PROBLEM STATEMENT ▸
No pictures belong in the result; set down exactly the lines from the one containing "Visite du temple" through the final line of the listing, and nothing more.

MATERIAL SHOWN ▸

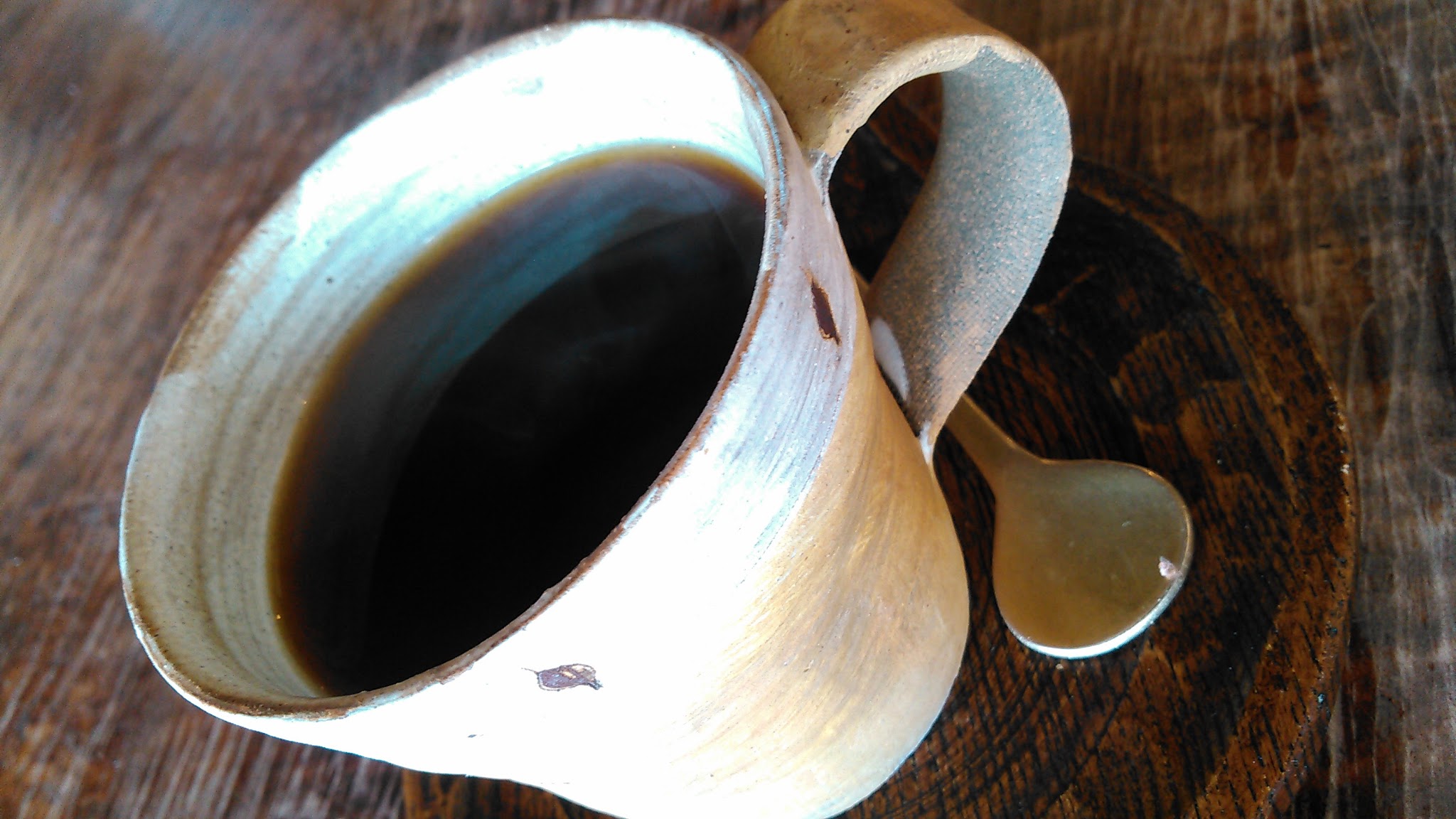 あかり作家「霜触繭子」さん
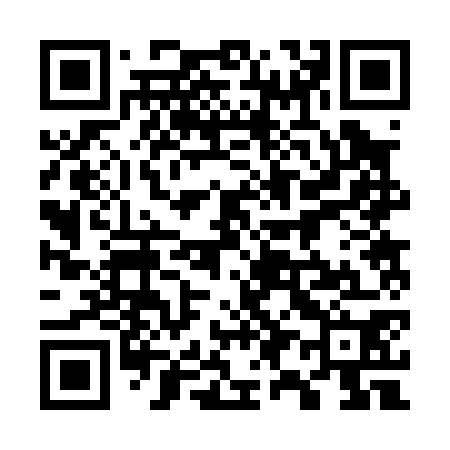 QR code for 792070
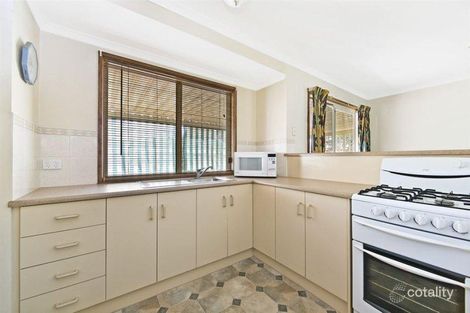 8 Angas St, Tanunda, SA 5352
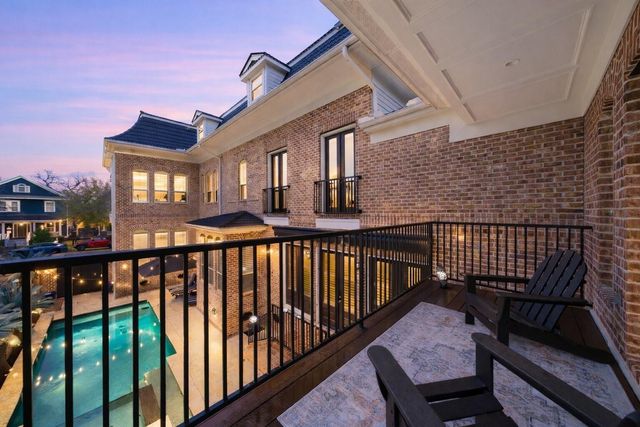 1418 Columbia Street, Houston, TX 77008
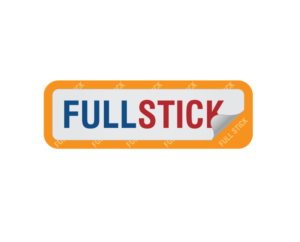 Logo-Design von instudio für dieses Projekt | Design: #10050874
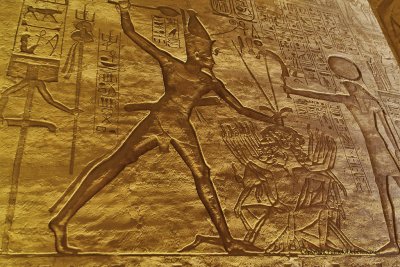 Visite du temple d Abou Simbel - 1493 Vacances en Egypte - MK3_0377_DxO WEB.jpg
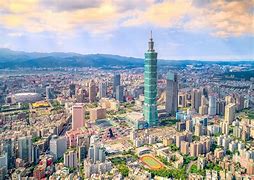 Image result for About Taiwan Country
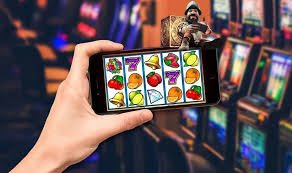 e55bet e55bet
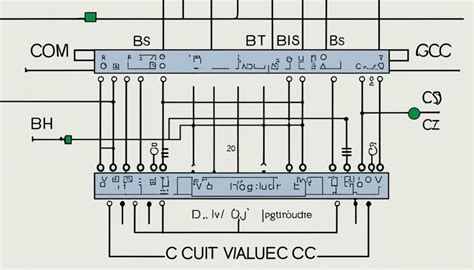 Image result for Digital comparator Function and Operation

OUTPUT BELOW ▸
 Visite du temple d Abou Simbel - 1493 Vacances en Egypte - MK3_0377_DxO WEB.jpg
 Image result for About Taiwan Country
 e55bet e55bet
 Image result for Digital comparator Function and Operation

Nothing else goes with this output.